DATA LISTING ▸
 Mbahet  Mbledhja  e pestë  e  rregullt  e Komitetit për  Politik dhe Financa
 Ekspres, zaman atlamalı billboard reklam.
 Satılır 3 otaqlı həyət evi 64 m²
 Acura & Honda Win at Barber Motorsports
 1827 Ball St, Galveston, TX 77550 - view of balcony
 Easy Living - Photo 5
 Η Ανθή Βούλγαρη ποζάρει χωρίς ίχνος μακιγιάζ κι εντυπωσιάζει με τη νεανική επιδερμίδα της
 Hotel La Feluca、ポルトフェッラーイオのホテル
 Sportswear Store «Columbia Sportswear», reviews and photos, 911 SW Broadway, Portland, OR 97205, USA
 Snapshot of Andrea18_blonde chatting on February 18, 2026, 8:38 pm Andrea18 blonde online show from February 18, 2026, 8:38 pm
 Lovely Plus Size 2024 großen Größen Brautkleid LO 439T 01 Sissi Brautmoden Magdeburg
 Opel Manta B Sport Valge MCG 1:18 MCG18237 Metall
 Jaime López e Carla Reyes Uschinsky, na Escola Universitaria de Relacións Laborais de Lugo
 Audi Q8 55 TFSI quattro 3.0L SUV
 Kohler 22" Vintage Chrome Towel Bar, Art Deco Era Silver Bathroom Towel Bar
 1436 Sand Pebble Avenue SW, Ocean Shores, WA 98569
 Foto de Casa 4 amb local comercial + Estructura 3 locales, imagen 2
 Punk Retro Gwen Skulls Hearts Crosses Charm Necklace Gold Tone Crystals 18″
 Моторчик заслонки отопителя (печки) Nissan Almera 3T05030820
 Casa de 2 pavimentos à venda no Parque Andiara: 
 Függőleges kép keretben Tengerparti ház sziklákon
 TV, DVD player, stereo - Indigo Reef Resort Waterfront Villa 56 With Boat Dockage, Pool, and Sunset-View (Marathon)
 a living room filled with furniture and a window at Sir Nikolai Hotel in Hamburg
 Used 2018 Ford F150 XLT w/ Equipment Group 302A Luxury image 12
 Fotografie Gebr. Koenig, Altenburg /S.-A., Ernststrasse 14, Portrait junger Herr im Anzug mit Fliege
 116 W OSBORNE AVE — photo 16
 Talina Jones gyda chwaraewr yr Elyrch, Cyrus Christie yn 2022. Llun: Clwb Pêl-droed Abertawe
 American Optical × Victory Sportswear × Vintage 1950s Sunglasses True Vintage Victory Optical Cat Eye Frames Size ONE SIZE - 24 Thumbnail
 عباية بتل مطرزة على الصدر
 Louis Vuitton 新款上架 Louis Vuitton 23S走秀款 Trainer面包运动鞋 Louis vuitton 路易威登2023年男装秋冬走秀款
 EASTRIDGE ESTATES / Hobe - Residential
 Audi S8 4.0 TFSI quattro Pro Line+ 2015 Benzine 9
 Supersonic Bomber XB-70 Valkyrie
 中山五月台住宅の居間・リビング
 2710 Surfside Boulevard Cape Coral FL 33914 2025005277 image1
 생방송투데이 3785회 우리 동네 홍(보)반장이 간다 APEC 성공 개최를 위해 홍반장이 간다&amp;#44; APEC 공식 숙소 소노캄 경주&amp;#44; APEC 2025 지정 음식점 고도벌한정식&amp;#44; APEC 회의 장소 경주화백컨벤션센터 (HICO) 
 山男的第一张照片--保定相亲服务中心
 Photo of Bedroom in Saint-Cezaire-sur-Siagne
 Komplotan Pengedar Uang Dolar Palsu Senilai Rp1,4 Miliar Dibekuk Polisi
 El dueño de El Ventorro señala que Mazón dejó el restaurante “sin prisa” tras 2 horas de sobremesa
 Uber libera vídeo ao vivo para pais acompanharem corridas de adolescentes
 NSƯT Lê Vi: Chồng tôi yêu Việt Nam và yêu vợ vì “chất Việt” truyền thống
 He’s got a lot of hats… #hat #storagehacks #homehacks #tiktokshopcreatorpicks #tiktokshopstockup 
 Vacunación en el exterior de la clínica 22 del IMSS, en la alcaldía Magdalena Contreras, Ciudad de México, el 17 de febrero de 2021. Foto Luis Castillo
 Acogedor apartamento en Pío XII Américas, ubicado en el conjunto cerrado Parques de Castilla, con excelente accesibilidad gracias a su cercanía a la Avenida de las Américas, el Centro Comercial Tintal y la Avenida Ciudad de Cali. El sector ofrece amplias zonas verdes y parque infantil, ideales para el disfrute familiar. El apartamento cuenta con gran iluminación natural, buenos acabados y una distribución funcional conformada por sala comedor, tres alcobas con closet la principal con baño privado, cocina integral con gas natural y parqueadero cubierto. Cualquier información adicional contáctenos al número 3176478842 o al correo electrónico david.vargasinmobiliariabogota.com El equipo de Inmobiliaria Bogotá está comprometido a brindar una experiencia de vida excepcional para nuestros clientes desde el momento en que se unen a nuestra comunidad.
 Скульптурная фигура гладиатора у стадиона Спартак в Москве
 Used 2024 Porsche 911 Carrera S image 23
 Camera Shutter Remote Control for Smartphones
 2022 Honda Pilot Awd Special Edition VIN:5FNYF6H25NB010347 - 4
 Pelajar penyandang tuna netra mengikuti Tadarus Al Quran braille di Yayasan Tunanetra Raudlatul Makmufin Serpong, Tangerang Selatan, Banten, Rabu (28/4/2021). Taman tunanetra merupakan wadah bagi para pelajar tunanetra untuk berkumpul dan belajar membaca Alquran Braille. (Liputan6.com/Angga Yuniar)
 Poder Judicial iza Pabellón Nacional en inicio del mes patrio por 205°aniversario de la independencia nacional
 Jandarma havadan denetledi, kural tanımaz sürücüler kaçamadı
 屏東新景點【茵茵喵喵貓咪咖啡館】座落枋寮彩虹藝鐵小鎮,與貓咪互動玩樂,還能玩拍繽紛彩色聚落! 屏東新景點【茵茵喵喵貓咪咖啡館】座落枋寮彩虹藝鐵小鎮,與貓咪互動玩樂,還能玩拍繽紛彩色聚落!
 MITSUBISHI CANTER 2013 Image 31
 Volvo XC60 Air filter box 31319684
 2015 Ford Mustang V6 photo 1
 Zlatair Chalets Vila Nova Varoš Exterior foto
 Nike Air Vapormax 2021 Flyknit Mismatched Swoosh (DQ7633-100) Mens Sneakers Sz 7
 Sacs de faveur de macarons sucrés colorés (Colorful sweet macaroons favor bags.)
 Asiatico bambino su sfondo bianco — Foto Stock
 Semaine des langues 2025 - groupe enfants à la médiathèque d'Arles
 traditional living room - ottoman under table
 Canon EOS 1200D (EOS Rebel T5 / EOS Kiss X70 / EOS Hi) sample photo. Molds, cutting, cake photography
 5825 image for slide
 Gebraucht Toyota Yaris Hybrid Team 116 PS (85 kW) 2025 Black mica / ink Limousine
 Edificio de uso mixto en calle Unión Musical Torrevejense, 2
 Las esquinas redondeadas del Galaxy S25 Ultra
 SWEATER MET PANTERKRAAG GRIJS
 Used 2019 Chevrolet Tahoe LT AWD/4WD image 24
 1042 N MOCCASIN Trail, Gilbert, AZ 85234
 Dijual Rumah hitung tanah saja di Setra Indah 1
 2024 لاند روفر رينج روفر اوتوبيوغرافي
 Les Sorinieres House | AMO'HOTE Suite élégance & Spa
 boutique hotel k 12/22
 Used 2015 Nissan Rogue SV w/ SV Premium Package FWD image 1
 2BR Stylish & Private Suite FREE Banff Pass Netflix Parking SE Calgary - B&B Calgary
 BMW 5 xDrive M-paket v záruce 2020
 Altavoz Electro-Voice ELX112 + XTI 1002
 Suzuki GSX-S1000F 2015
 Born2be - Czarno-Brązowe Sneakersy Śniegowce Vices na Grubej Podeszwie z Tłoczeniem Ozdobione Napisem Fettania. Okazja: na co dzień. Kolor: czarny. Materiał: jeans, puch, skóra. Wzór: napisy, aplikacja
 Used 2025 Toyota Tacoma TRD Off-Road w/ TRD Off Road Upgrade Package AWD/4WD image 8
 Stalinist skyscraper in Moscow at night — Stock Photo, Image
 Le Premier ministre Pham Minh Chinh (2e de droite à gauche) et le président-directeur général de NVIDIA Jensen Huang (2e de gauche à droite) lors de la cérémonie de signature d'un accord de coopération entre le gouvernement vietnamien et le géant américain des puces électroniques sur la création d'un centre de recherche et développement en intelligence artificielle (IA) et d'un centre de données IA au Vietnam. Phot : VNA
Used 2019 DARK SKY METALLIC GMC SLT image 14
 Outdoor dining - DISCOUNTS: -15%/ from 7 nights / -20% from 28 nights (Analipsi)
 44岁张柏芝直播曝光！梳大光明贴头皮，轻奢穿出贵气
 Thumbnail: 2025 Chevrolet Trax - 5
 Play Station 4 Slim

WHAT THE TASK ASKS ▸ Copy all lines from the material that include "Casa".

EXERCISE RESPONSE ▸
 Foto de Casa 4 amb local comercial + Estructura 3 locales, imagen 2
 Casa de 2 pavimentos à venda no Parque Andiara: 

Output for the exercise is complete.